Would you please transcribe, exactly as written, the lines of the entries below starting at the one that holds "A wrought iron" and ending at the one that holds "a computer monitor", both included?

[Short web captions]
- Opening Delimiter -
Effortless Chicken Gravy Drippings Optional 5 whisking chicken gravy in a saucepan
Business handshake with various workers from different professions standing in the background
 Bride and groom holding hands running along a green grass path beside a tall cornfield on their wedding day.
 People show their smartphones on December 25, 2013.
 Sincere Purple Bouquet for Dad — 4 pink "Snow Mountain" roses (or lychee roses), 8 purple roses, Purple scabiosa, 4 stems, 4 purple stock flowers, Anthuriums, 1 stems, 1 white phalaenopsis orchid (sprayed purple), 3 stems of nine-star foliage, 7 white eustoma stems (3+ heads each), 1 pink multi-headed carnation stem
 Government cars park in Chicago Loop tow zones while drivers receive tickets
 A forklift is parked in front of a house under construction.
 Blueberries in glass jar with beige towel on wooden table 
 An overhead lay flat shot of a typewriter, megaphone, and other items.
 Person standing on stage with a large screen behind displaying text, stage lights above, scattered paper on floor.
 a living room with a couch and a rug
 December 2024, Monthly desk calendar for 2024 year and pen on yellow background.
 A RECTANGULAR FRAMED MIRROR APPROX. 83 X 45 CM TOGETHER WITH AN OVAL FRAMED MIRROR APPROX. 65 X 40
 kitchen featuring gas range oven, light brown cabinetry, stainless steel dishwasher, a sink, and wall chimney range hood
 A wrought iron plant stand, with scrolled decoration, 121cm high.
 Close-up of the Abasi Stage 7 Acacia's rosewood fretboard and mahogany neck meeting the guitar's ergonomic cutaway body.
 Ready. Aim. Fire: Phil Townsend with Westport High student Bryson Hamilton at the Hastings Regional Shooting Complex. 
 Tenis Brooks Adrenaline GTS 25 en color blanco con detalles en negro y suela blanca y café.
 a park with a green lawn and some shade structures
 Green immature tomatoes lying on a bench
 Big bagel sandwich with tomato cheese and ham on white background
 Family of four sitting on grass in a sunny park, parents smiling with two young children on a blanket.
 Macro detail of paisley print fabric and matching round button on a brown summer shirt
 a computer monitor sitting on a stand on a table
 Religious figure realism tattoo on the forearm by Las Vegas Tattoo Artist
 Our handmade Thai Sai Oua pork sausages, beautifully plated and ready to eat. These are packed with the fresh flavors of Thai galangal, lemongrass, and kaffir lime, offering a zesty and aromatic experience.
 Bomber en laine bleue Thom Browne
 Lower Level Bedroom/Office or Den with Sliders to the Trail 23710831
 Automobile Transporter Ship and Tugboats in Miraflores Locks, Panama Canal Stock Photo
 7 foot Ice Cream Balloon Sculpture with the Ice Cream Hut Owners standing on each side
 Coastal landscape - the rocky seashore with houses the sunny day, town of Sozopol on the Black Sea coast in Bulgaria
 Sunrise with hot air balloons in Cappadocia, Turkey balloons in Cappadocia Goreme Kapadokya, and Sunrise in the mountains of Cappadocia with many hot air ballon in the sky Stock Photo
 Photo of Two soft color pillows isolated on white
- Closing Delimiter -
**THE COMPLETED TASK:**
 A wrought iron plant stand, with scrolled decoration, 121cm high.
 Close-up of the Abasi Stage 7 Acacia's rosewood fretboard and mahogany neck meeting the guitar's ergonomic cutaway body.
 Ready. Aim. Fire: Phil Townsend with Westport High student Bryson Hamilton at the Hastings Regional Shooting Complex. 
 Tenis Brooks Adrenaline GTS 25 en color blanco con detalles en negro y suela blanca y café.
 a park with a green lawn and some shade structures
 Green immature tomatoes lying on a bench
 Big bagel sandwich with tomato cheese and ham on white background
 Family of four sitting on grass in a sunny park, parents smiling with two young children on a blanket.
 Macro detail of paisley print fabric and matching round button on a brown summer shirt
 a computer monitor sitting on a stand on a table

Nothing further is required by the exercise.